The Economics of Reality

(Keywords: politics, economics, tax breaks, reality smacks the right upside their fool heads repeatedly )

John Kenneth Galbraith died this weekend. He was one of the minds behind FDR's New Deal, as well as a leading advocate of the economics of realism. In other words, he was a person who studied the way money works in the real world and advocated policies based on those studies. In short, he was not a utopian.

I've waited to write about this because I'm not an economist. When it comes to ecomonics, I'm a dope. So here's a crash course in progressive economics for dopes like me.

We live in a world governed by the idea that wealth is created by those on the top of the economic ladder and flows downward - this is called supply side economics or, in Reagan's words 'trickle down'. The idea is that people on the top of the economic ladder create jobs, so if they do better, everyone does.

This isn't true.

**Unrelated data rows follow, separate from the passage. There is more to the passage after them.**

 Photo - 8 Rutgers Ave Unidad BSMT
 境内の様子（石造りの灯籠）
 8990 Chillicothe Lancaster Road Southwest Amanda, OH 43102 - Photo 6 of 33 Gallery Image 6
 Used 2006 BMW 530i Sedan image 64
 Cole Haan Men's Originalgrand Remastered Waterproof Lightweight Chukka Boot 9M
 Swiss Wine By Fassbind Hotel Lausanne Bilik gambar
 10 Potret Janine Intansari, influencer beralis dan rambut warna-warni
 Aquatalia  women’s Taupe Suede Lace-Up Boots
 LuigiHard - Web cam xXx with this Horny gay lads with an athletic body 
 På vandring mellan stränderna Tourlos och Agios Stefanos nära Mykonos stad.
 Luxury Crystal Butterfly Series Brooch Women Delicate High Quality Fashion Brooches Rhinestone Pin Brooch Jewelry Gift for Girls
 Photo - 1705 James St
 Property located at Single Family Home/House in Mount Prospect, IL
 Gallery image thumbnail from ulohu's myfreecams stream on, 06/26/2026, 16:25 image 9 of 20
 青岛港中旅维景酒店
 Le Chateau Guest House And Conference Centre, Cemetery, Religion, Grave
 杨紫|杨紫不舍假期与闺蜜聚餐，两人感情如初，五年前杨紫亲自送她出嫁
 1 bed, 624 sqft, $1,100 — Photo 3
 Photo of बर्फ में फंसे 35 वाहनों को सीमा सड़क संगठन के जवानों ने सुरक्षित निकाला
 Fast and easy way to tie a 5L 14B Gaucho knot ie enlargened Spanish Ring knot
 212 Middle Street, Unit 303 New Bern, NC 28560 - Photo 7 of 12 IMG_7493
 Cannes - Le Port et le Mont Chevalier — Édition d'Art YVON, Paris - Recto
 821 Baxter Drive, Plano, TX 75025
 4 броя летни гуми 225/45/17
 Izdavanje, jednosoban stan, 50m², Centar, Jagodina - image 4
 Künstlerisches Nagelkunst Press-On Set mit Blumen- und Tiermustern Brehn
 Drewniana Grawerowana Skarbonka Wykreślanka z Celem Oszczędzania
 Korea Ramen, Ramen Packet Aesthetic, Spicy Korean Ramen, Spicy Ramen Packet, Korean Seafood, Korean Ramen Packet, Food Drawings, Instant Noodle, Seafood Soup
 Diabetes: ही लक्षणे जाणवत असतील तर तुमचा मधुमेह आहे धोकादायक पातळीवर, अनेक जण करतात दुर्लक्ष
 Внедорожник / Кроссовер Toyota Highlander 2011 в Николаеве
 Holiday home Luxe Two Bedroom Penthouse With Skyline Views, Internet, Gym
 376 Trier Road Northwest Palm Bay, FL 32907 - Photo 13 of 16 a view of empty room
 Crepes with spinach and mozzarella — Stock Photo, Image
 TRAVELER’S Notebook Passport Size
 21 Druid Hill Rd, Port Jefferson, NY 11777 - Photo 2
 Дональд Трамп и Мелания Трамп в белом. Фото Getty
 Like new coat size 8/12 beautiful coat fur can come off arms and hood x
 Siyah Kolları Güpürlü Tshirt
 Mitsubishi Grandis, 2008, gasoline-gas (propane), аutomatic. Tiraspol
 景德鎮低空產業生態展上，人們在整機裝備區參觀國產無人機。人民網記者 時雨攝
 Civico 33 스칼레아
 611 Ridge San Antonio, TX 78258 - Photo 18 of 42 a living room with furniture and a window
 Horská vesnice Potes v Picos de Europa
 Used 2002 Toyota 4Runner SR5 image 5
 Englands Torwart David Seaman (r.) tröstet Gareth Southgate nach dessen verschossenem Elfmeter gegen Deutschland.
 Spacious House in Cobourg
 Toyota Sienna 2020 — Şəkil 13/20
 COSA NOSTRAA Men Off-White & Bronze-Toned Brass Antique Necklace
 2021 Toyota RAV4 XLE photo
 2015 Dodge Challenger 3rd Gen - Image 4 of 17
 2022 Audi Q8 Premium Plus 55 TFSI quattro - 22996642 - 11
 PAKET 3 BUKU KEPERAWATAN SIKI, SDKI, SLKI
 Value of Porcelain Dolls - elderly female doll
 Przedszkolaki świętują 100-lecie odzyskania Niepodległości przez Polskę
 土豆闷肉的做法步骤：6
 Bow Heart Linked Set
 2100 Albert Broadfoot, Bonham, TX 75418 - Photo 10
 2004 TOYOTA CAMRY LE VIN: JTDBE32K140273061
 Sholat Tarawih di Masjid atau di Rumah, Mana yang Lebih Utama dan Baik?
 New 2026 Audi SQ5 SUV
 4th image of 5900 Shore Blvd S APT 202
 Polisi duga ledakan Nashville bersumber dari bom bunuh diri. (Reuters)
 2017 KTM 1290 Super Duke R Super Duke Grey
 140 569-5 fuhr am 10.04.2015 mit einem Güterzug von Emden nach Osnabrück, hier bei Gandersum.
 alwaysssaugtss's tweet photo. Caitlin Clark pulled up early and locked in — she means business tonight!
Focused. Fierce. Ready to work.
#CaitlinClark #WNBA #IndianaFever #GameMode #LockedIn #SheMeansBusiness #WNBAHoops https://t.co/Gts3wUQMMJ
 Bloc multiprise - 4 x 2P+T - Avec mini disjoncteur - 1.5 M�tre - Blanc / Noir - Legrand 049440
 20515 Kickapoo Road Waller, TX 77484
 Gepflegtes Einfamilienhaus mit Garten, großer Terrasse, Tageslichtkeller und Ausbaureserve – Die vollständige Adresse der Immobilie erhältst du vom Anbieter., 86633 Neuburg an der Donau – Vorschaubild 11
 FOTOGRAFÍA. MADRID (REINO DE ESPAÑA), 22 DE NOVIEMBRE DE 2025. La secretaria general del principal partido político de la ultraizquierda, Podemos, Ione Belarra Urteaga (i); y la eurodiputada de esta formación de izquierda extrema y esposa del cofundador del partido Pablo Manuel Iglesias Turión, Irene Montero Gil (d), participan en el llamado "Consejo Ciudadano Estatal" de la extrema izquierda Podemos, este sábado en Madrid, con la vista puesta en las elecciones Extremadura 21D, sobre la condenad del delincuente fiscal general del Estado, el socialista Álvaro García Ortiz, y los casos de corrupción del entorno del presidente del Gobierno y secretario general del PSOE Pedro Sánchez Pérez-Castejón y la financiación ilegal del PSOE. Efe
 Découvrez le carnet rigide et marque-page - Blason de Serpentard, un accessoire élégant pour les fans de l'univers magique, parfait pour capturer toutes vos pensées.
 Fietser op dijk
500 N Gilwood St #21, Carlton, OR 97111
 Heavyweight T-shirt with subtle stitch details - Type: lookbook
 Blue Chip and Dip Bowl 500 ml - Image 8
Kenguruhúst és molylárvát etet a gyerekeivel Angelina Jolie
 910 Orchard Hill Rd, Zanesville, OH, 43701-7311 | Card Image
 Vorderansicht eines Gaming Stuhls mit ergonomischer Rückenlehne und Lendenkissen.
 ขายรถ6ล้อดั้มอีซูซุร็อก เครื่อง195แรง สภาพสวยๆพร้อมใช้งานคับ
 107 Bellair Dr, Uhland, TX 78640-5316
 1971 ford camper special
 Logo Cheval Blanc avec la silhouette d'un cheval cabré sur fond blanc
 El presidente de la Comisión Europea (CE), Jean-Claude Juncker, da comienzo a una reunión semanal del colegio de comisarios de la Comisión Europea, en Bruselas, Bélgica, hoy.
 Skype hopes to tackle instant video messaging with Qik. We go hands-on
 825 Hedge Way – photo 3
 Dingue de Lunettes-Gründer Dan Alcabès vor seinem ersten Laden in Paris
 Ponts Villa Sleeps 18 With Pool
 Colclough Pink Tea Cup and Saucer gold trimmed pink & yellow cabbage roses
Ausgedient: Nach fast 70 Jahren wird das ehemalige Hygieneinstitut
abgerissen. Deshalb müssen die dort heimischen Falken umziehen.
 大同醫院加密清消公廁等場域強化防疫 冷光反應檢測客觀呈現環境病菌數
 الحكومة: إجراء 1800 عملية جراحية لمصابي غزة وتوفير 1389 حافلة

Wealth does not move from the top down, but from the bottom up. Economics aren't a natural force - money is a human creation. So classes based on wealth are also a human creation. No one is born worthy of wealth, even though some are born wealthy. These are the economics of the real world.

Wealth moves from the bottom up. One group produces, the other consumes. Production is passive, economically, consumption is active. If you want money to move, you create policies that get money to the people who need it most. Bill Gates has never looked at his tax return and said, "Hey, honey! We can finally afford that new washing machine!" Having money is no incentive to spend; needing money is. People who need money will spend money for the same reason that people who need food will eat food.

Our current situation is contrary to reality. We're told that the economy is robust, but not everyone is sharing in the rewards. The average hourly worker's wages aren't keeping up with inflation. The wealth is pooling at the top and it's not coming down. If you have a problem with this reality, look at departing Exxon chief Lee Raymond's $400 million retirement package, then take a look in your own wallet after you fill up your tank.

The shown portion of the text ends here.